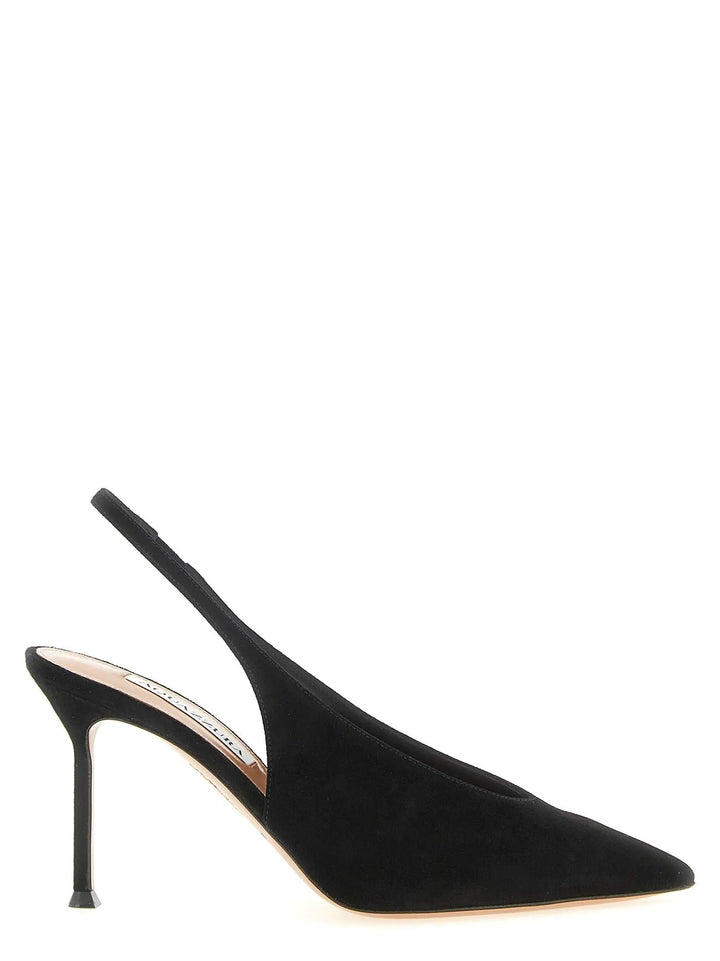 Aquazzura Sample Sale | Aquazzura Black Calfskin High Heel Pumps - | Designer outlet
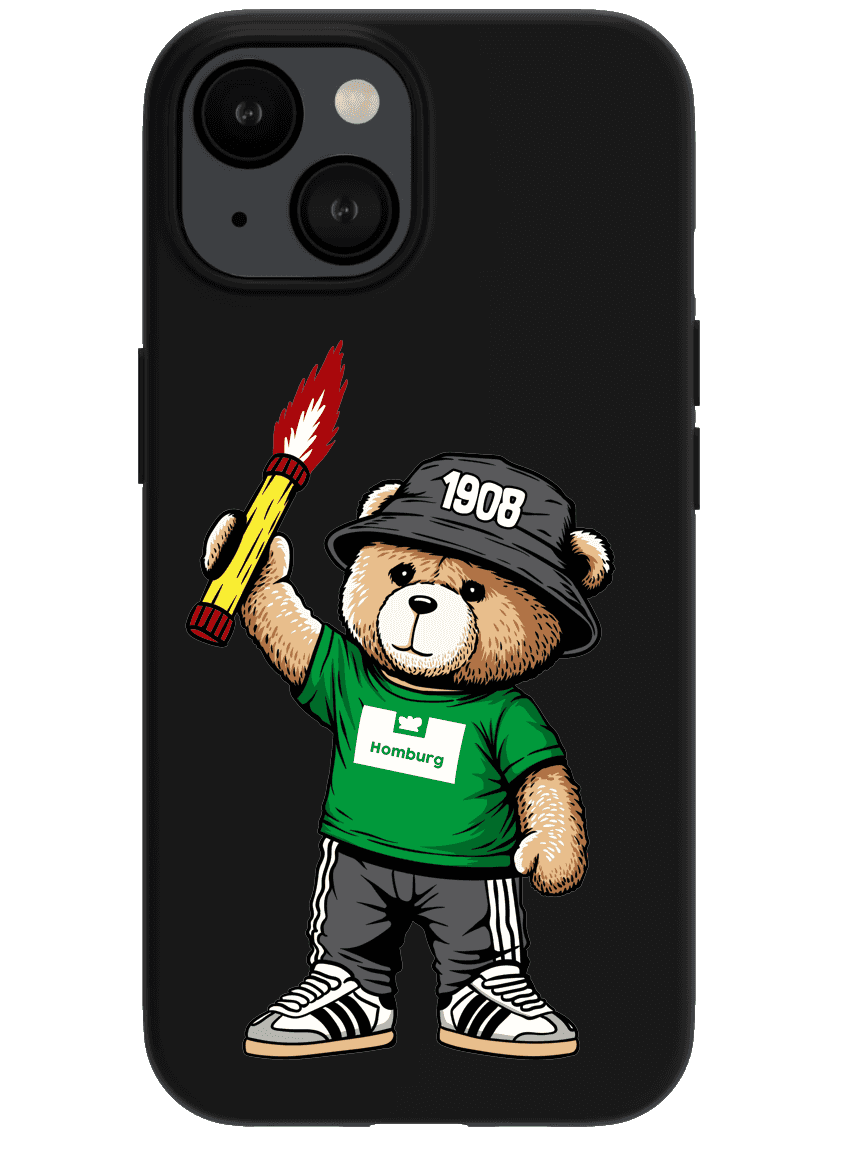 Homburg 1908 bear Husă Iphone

...

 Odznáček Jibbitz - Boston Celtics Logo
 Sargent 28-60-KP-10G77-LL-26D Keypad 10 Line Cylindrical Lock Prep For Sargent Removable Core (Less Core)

---

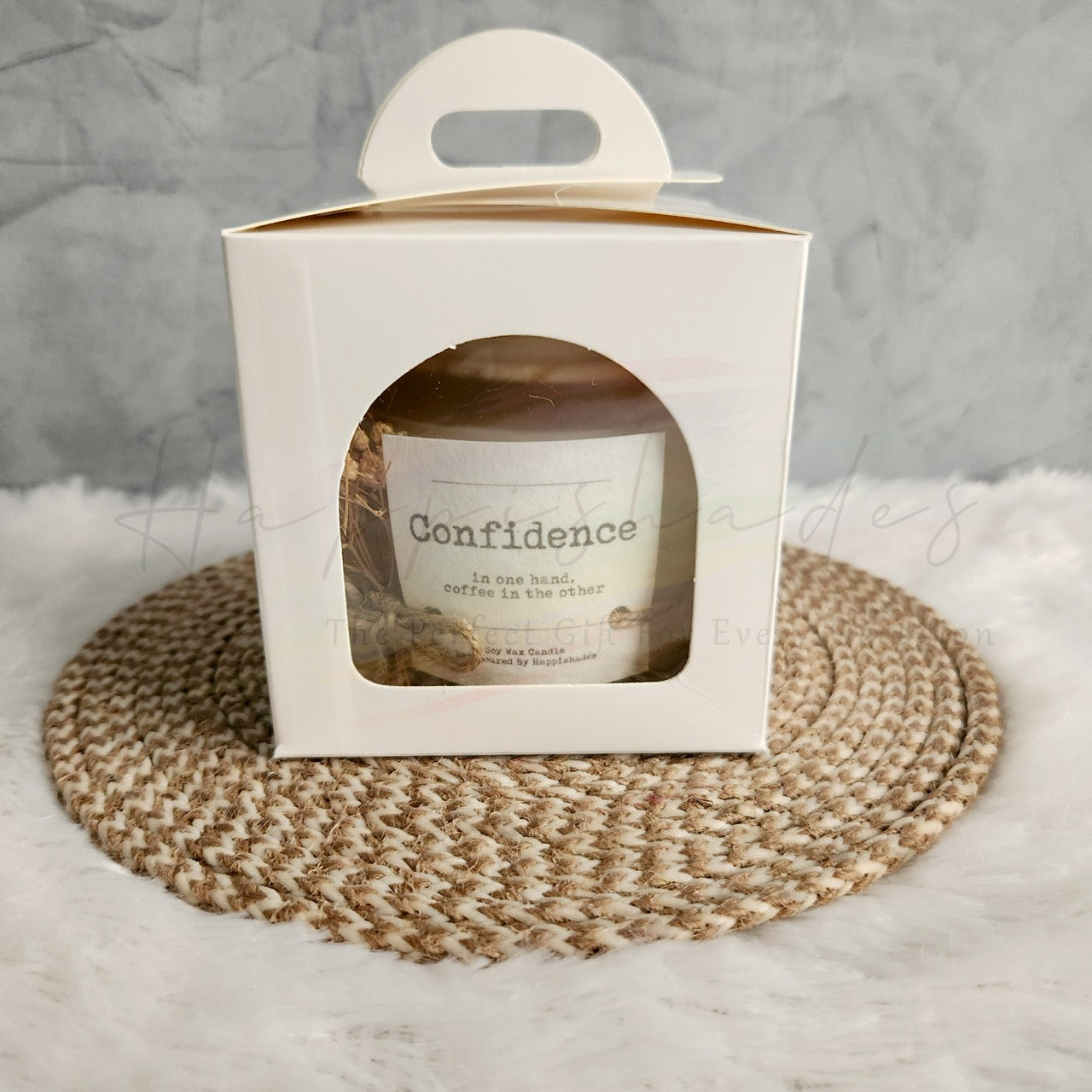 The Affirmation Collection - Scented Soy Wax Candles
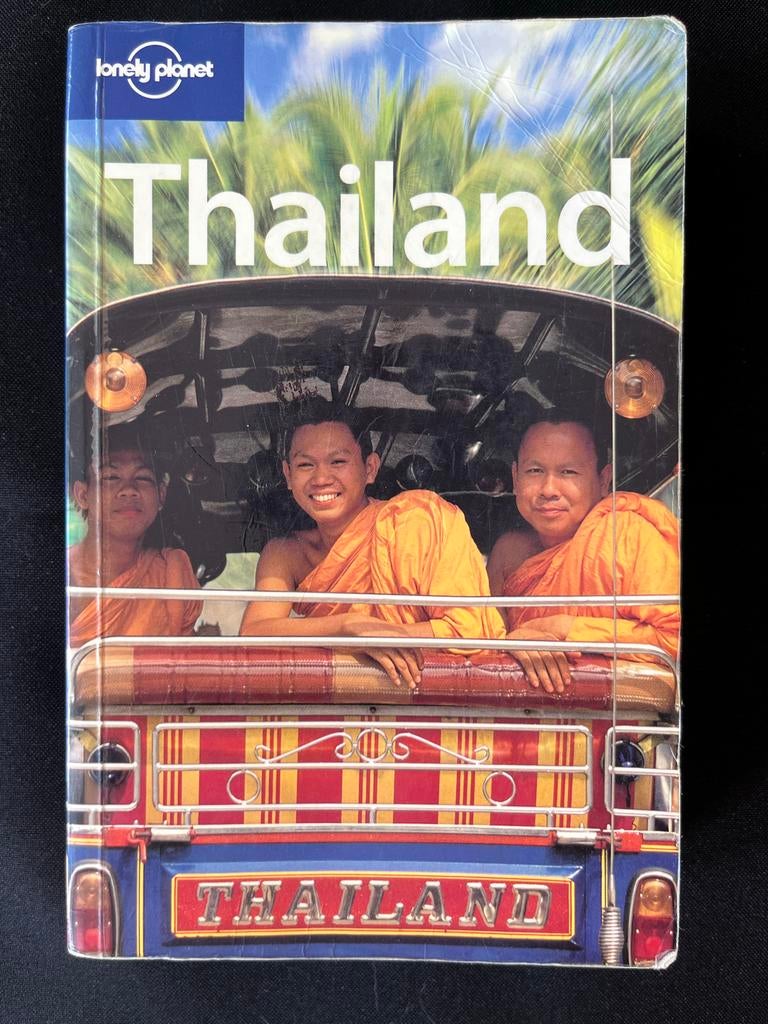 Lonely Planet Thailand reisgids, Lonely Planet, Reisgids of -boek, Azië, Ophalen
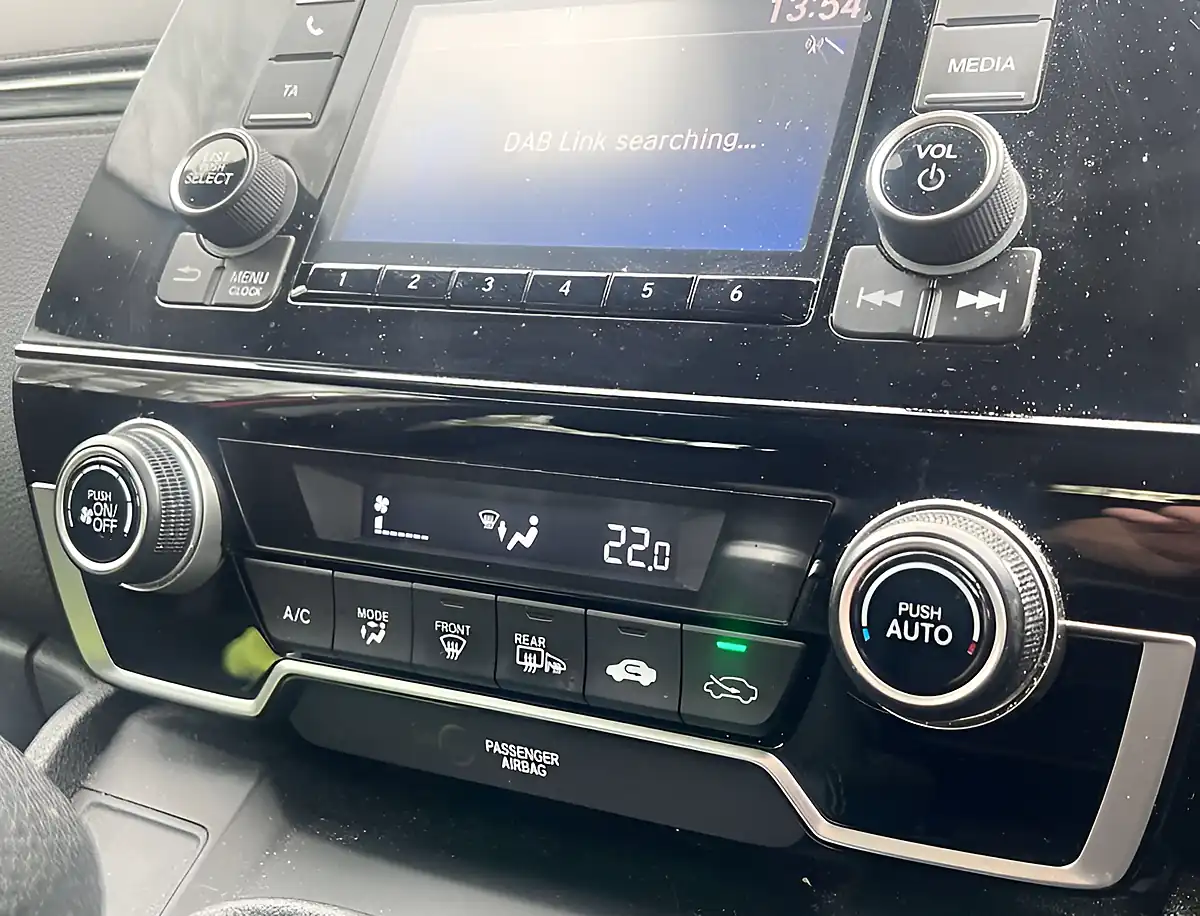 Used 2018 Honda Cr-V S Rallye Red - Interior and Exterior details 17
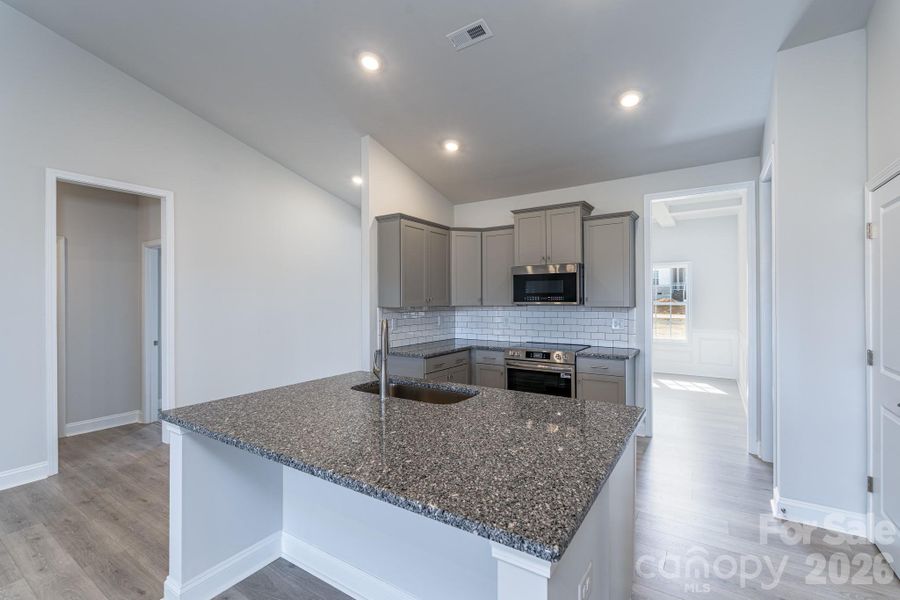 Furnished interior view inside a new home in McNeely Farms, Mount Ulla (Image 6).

THE PROBLEM:
Look above for the line holding "Aquazzura Sample Sale" and output everything from it down to the line holding "Homburg 1908 bear Husă Iphone", both ends included, exactly and without images.

RESULT OF THE EXERCISE:
 Aquazzura Sample Sale | Aquazzura Black Calfskin High Heel Pumps - | Designer outlet
 Homburg 1908 bear Husă Iphone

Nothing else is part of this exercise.